(Exercise requirements)
The lines to retype run from the one containing "Sitzgarnitur komplett Leder" through the end of the listing below. Reproduce them exactly, leaving out pictures.

(Supplied material)
——————————

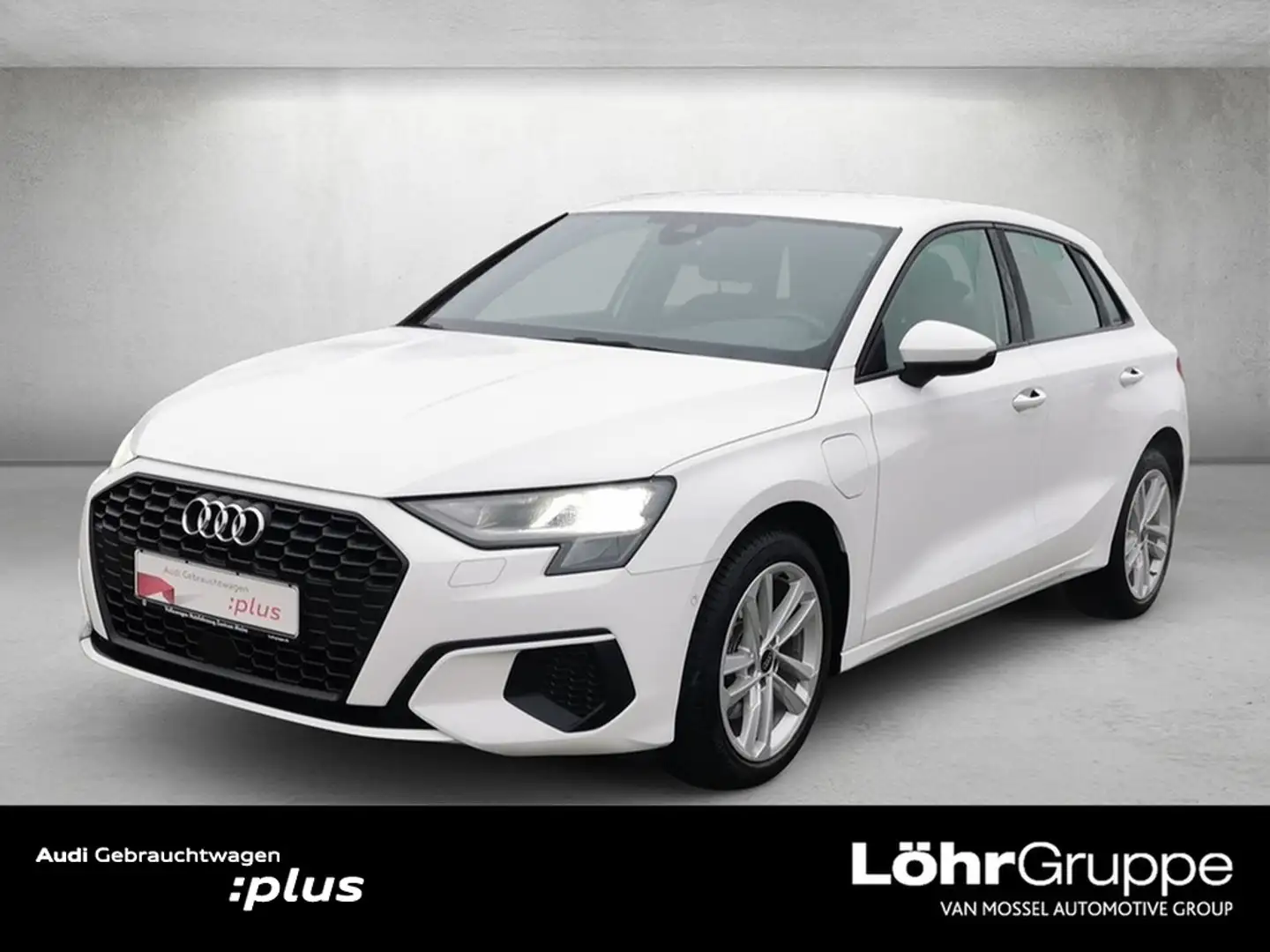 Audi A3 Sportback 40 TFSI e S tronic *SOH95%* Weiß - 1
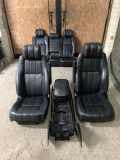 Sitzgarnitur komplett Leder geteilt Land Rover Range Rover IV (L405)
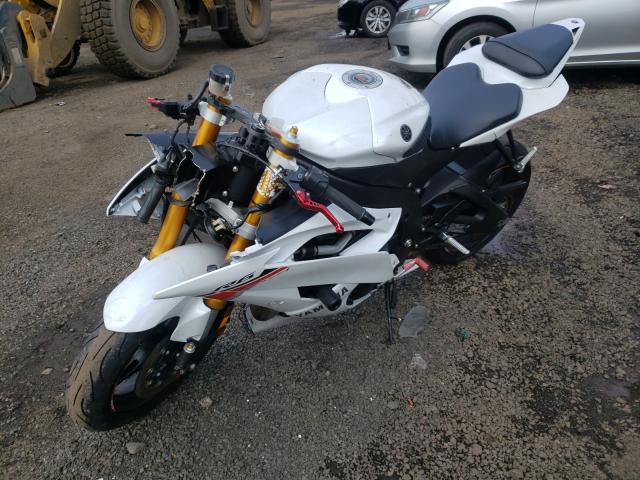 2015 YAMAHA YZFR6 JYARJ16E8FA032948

——————————

(Answer box)
 Sitzgarnitur komplett Leder geteilt Land Rover Range Rover IV (L405)
 2015 YAMAHA YZFR6 JYARJ16E8FA032948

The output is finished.